Brief descriptive captions
○ ○ ○

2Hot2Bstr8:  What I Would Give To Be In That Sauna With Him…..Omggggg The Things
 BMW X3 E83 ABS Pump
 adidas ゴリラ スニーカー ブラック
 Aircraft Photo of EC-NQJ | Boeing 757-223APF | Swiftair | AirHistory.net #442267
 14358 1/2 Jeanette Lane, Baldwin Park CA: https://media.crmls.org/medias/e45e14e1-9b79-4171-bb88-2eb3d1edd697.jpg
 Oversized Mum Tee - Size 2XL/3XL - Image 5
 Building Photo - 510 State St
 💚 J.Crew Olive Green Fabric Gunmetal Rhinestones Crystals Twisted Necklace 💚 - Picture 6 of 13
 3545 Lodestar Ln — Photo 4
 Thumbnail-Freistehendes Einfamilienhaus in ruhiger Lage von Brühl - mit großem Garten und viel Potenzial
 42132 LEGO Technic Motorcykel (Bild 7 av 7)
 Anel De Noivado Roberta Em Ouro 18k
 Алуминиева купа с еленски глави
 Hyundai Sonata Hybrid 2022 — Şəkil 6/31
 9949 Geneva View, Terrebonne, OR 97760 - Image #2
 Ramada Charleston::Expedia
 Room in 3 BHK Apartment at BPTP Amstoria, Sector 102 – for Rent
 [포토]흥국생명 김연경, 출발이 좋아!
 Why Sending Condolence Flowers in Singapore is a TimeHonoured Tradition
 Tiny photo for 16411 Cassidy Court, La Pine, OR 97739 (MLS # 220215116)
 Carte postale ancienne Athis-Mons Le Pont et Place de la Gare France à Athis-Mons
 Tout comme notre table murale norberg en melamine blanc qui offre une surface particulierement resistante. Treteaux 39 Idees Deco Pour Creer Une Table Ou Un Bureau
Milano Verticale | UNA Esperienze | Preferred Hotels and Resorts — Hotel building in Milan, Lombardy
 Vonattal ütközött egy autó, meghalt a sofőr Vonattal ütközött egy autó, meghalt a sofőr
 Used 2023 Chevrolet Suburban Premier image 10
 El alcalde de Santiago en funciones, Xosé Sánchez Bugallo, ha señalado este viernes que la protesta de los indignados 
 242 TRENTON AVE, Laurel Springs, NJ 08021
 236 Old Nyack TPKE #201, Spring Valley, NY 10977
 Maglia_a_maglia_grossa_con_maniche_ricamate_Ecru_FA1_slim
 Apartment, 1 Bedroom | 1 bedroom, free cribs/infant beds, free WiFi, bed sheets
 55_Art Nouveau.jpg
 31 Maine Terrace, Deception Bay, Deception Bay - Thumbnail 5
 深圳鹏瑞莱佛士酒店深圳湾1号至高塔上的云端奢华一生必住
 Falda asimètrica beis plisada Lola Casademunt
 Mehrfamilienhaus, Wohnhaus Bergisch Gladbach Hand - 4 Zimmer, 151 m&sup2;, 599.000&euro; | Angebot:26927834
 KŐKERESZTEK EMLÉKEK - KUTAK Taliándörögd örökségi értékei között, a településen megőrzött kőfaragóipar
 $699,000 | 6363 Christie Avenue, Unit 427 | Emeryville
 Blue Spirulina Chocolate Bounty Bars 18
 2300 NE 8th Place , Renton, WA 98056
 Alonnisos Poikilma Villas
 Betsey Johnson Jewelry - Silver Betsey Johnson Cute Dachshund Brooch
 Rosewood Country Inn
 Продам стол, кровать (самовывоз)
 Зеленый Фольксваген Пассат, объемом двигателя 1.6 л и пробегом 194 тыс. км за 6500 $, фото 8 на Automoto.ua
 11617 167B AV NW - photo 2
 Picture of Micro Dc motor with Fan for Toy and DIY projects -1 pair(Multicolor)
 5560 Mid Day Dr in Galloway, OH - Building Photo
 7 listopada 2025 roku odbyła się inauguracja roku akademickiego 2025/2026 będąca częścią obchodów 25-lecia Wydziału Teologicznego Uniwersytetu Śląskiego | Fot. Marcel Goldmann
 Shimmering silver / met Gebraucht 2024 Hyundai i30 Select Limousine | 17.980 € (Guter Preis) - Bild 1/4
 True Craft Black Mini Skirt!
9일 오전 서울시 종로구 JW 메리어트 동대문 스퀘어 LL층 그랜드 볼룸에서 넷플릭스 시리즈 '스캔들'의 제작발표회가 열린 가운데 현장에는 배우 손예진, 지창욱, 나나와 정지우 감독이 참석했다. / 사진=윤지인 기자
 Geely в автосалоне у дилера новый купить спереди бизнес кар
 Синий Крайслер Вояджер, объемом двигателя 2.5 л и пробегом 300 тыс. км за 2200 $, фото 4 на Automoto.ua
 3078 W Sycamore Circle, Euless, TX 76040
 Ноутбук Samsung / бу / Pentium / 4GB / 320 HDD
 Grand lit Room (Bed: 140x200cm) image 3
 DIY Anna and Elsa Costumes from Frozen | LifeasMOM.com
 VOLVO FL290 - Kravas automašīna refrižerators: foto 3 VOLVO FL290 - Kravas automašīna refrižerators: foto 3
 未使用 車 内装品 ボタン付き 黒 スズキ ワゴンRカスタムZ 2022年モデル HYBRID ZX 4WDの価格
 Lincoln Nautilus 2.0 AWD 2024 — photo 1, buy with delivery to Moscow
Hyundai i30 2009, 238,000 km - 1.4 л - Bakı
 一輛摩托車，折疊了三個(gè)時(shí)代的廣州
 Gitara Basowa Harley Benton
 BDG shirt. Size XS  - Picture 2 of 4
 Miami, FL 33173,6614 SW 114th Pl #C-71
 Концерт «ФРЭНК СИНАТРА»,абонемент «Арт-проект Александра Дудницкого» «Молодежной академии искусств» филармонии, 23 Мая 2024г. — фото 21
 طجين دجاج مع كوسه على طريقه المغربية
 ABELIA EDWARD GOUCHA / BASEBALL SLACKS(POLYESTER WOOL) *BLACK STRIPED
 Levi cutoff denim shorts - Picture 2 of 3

○ ○ ○

TASK BRIEF: Only the lines from the top of the data through the line that contains "14358 1/2 Jeanette" should be quoted, exactly as they stand.

RESPONSE BOX:
2Hot2Bstr8:  What I Would Give To Be In That Sauna With Him…..Omggggg The Things
 BMW X3 E83 ABS Pump
 adidas ゴリラ スニーカー ブラック
 Aircraft Photo of EC-NQJ | Boeing 757-223APF | Swiftair | AirHistory.net #442267
 14358 1/2 Jeanette Lane, Baldwin Park CA: https://media.crmls.org/medias/e45e14e1-9b79-4171-bb88-2eb3d1edd697.jpg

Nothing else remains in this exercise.